--- EXERCISE DATA Enclosed Below ---
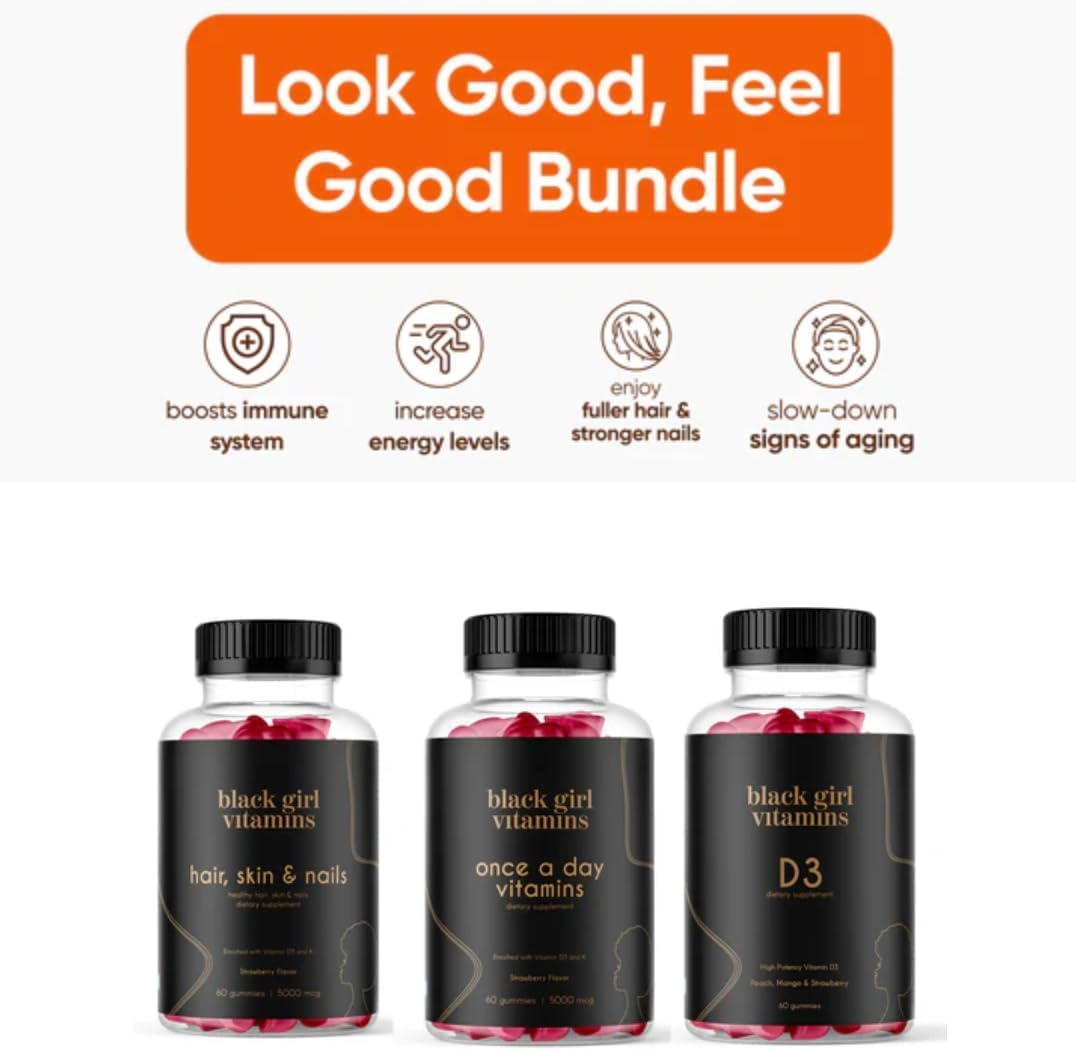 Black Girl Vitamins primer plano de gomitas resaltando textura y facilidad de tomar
--- End of Enclosed EXERCISE DATA ---
--- EXERCISE DATA Enclosed Below ---
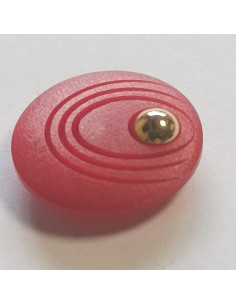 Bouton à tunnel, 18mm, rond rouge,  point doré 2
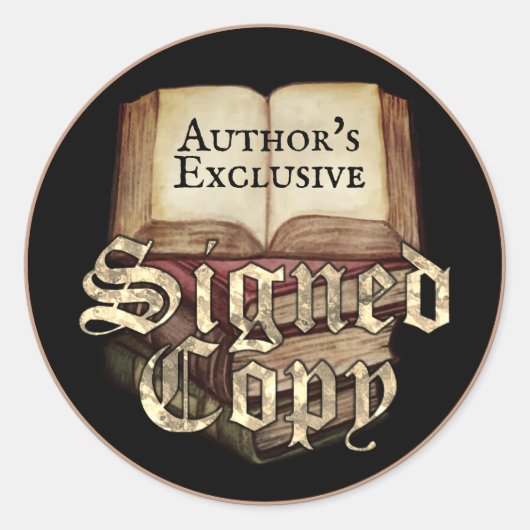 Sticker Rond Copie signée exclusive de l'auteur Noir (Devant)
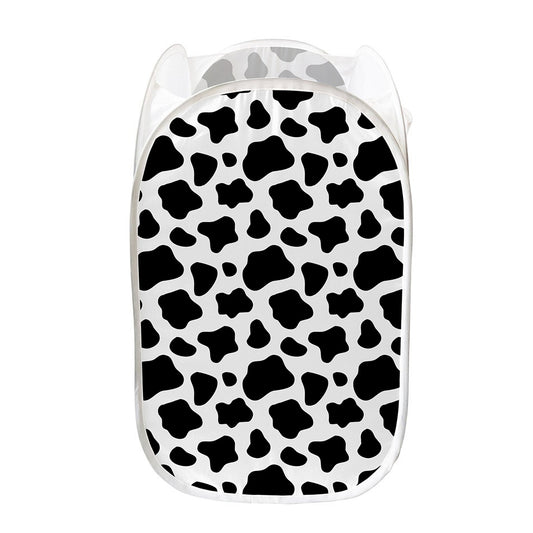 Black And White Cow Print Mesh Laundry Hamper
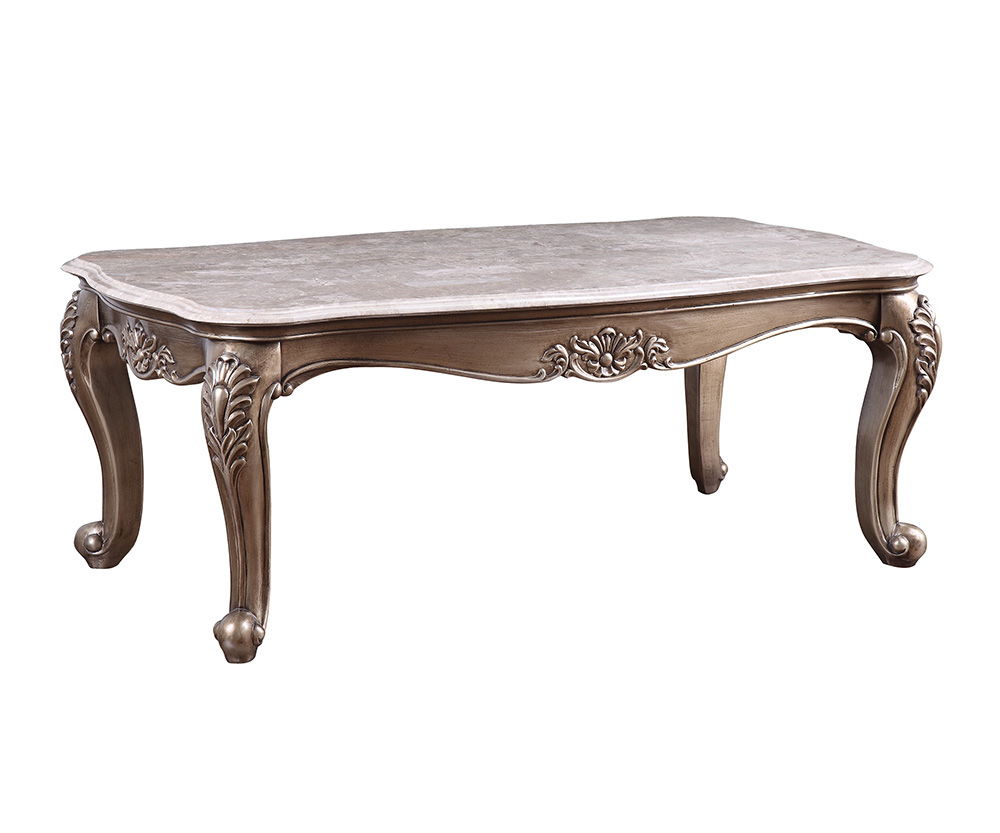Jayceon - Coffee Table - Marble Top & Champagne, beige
--- End of Enclosed EXERCISE DATA ---
**PROBLEM STATEMENT**
For this task, return exactly the stretch of the listing above from the line with "Bouton à tunnel, 18mm, rond" through the line with "Jayceon - Coffee", inclusive and without pictures.

**WORKED SOLUTION**
 Bouton à tunnel, 18mm, rond rouge,  point doré 2
 Sticker Rond Copie signée exclusive de l'auteur Noir (Devant)
 Black And White Cow Print Mesh Laundry Hamper
Jayceon - Coffee Table - Marble Top & Champagne, beige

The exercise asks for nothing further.